:: EXCERPTED DATA

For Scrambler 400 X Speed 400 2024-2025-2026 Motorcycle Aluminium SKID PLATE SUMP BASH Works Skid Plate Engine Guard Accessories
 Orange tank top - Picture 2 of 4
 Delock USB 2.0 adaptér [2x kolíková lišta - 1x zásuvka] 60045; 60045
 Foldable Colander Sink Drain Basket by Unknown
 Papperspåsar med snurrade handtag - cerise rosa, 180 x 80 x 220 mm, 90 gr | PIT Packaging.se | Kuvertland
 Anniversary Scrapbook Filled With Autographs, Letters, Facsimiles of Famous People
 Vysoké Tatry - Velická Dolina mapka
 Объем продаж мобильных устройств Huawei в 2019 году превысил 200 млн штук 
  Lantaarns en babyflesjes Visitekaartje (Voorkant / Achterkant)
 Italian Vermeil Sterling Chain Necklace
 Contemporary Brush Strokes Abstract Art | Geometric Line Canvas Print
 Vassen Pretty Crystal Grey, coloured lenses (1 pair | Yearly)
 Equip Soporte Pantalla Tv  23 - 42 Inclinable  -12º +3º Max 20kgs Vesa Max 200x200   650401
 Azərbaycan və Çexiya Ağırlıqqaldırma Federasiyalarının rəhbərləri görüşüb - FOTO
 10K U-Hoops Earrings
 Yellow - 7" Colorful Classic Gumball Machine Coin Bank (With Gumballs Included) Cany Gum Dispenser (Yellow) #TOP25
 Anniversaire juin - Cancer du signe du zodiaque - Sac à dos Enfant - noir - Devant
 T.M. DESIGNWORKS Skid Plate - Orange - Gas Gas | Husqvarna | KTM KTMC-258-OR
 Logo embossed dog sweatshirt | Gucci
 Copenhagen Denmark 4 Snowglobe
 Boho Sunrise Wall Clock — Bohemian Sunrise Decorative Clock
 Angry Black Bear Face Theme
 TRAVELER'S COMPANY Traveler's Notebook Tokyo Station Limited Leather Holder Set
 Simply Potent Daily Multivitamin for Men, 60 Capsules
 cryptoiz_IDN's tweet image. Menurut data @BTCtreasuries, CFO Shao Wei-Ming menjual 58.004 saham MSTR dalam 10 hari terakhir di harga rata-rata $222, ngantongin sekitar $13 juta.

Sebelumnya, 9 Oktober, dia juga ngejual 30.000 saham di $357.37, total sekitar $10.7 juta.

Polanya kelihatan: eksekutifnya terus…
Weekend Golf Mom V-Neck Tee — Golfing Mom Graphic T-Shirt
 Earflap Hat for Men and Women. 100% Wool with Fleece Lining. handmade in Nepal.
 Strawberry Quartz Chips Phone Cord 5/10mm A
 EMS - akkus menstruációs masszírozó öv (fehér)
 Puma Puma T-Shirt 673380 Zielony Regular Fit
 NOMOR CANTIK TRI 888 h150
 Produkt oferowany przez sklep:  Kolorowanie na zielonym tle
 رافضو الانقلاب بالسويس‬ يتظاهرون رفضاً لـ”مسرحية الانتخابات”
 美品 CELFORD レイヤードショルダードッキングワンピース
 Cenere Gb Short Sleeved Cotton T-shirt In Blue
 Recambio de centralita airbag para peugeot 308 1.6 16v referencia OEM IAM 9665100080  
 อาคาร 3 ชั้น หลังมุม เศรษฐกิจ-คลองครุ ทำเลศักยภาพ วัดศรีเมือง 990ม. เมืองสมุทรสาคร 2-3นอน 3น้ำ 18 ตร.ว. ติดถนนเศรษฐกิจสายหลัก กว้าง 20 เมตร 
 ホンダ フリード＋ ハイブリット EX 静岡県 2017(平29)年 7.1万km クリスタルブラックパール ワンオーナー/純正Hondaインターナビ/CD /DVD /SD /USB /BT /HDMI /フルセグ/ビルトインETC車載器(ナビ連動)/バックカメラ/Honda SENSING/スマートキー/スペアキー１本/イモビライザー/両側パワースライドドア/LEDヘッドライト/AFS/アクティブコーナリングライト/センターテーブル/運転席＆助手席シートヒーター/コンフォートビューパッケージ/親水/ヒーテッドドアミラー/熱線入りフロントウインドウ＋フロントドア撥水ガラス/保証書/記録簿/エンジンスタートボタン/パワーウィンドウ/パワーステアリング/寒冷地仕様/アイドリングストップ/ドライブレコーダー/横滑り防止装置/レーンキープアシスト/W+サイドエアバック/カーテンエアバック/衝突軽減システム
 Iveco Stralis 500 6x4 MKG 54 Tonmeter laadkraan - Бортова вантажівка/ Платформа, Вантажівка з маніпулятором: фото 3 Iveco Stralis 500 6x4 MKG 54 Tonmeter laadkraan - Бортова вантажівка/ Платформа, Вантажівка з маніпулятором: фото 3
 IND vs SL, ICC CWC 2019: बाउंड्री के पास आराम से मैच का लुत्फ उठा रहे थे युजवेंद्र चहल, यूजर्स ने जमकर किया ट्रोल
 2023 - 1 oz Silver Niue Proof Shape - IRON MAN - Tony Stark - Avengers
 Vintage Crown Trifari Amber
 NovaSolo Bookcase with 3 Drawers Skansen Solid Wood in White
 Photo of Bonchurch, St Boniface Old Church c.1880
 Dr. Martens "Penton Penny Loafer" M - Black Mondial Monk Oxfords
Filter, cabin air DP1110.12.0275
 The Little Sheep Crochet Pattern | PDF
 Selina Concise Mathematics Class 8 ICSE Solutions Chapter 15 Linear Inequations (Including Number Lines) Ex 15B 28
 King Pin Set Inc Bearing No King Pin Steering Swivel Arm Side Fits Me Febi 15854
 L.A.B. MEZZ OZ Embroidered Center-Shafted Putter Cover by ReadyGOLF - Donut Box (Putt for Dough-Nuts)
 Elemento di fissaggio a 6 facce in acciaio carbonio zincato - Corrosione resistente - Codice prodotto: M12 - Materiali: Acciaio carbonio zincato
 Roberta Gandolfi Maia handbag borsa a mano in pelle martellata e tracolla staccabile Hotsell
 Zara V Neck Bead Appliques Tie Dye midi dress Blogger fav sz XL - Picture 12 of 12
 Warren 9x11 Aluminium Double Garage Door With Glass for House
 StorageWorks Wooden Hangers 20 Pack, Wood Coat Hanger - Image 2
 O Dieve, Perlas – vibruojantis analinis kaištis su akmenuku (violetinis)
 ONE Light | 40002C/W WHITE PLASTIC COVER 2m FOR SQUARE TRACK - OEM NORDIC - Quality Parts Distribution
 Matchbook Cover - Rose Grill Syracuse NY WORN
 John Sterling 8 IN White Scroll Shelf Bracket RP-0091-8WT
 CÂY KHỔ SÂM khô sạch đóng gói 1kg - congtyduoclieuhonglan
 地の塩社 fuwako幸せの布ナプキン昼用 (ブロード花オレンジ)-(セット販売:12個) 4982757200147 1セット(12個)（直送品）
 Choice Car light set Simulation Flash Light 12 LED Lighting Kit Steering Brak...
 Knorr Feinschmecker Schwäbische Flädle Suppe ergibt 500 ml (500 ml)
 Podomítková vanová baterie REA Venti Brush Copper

::::

*TASK TO CARRY OUT*: Go line by line through the data and copy any that contain "Aluminium".

*RESPONSE TO THE EXERCISE*:
For Scrambler 400 X Speed 400 2024-2025-2026 Motorcycle Aluminium SKID PLATE SUMP BASH Works Skid Plate Engine Guard Accessories
 Warren 9x11 Aluminium Double Garage Door With Glass for House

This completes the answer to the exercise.